How are course grades calculated?
To understand how grades are calculated in Schoolrunner, it’s important to be familiar with the interaction between three tiers of grading: assessment grading, course grading, and yearly grading.
Assessment Grading
Assessments are the first layer in the grading hierarchy. Assessment scores are based on the number of points earned out of the total possible. Each assessment result is scored as a percentage, which is then translated into a traditional letter grade or a mastery level, depending on your grading scale. Raw assessment scores can be modified by:
- curves (set by you; applicable to all students who took the assessment)
- score overrides (set by you; applicable to individual students)
- IEPs (set by an administrator for individual students, applicable to all courses)
- minimum score setting (set by an administrator in the Schoolrunner settings; applicable to all students)
These are the factors that can change a student’s raw score. The result – their gradebook score – counts as the score used in grade calculations. For unmodified scores, the raw score on an assessment is the same as the gradebook score.
Course Grading
Every course in Schoolrunner has a grading methodology: a structure that determines which types of assessments count toward the course grade, and how much they’re worth. This applies to each term of the course.
An English course might make essays and exams more valuable than exit tickets; a math course might put more emphasis on homework and classwork. However you choose to distribute weight across assessments in your course, the total value must equal 100%.
You can also put different types of assessments into a "Bucket", and give that bucket a weight. For example: exit tickets, attendance, and participation can all be combined into a bucket called "Effort". Quizzes, midterms, and finals can be combined into another bucket called "Examinations".
Here’s an example of course grading methodology utilizing buckets "Minor" & "Major":
In the example above, if the teacher records an assessment as "Quiz" (from the "Assessment Type" dropdown on the Add Assessment page), that quiz will not count towards the course grade because "Quiz" is not part of any bucket.
Remember that only assessments that fall within one of your course methodology buckets will count toward a course grade!
Yearly/Term-Length Grading
Just as your course grading methodology determines how much value to assign to certain types of assessments, so the yearly or term-length grading methodology determines how much value or weight to give to each term.
You may want to make all your terms equal or you may want to make the later terms worth more than the earlier ones. It’s also possible to include specific assessments into the yearly grading methodology, such as a midterm or an end-of-year final. If you have a course that lasts only one semester, you can include any quarters that fit into its date range when calculating its final grade.

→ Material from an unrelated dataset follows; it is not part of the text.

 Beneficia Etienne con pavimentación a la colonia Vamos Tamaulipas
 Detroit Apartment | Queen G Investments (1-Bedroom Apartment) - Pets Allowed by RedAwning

However you distribute the weight of your terms and assessments, all components must add up to 100%.
In Summary
Three types of calculations interact with each other in order to produce a final grade for each course. This final grade is based upon the weighting of terms throughout the year (or semester), along with any final assessments.
Each term is calculated according to assessment buckets within the course methodology. Any assessment that fits into one of the buckets will count toward the course grade, and any assessment that doesn’t fall into a bucket will not.
Assessments themselves are calculated as a percentage based on the correct number of student responses.